Singular Figures: the development of an exhibition

[photo of Jacquelyn Coutré]
Dr. Jacquelyn Coutré, co-curator of the Singular Figures exhibition. Behind her hangs the enigmatic Portrait of a Girl from the circle of LucasHeere.

On entering the Bader Gallery at the Agnes Etherington Art Centre, the first face one sees is that of René Descartes. The portrait of the philosopher who sought to pinpoint the nature of the self is a most fitting introduction to the exhibition.

Singular Figures: Portraits and Character Studies in Northern Baroque Painting illustrates the new emphasis, in the 16th and 17th centuries, on the individual, especially among artists in Holland and Flanders. Revealing a range of ages and emotions, these portraits seem to invite the viewers into the subjects’ lives, if only for a moment.
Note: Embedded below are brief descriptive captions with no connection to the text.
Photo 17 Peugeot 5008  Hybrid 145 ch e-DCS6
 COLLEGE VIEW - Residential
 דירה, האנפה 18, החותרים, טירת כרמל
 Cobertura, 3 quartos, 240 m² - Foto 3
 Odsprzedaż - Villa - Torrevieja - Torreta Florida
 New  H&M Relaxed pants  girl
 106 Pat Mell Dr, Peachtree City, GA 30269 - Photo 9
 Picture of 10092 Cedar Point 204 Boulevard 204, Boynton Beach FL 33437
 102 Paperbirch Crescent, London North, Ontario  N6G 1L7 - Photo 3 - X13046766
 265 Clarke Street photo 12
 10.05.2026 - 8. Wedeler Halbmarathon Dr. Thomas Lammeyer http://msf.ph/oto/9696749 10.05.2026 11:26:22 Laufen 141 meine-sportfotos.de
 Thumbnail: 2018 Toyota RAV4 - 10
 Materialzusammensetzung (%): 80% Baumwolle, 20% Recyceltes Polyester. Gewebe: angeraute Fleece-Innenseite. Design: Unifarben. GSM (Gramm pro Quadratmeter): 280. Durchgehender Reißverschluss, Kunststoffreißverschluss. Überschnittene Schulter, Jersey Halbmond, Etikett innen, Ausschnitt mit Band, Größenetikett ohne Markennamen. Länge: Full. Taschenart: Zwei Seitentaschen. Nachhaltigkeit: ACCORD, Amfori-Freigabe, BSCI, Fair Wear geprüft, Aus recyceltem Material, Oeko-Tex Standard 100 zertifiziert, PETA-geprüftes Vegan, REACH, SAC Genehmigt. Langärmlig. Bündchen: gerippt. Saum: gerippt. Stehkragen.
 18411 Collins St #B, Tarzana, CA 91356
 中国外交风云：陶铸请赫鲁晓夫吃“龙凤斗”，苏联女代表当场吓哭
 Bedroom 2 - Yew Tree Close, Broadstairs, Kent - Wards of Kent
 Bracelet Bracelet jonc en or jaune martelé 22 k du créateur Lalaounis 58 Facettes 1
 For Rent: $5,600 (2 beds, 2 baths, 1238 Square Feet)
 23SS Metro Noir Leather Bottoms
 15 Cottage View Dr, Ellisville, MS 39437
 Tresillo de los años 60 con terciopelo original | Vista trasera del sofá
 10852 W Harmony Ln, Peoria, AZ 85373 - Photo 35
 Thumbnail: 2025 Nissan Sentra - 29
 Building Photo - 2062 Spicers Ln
Certainly, the fascination with the human face is not something new in today’s culture of instant photography and “selfies.” Portraiture reveals human nature and, ultimately, something about ourselves.

The exhibition was conceived by Stephanie Dickey, Professor and Bader Chair in Northern Baroque Art and Undergraduate Chair (Art History and Art Conservation). When former Bader curator David de Witt left the Agnes to take a position at the Rembrandt House Museum (LINK), Jan Allen, Director of the Agnes Etherington Art Centre, asked Dr. Dickey to develop an exhibition, drawing from the permanent collection, that could be in the gallery for a year or so, allowing the gallery time to fill the curator’s position.

[Jacob van Campen painting]
Jacob van Campen's pensive Old Woman with a Book (1625-1630)

"These are mostly formal, commissioned portraits that celebrate personal achievement," says Dr. Dickey. "Through the use of light, pose, expression and props such as hunting gear, or a skull, or even the choice of clothing worn, we learn something about the person in the portrait."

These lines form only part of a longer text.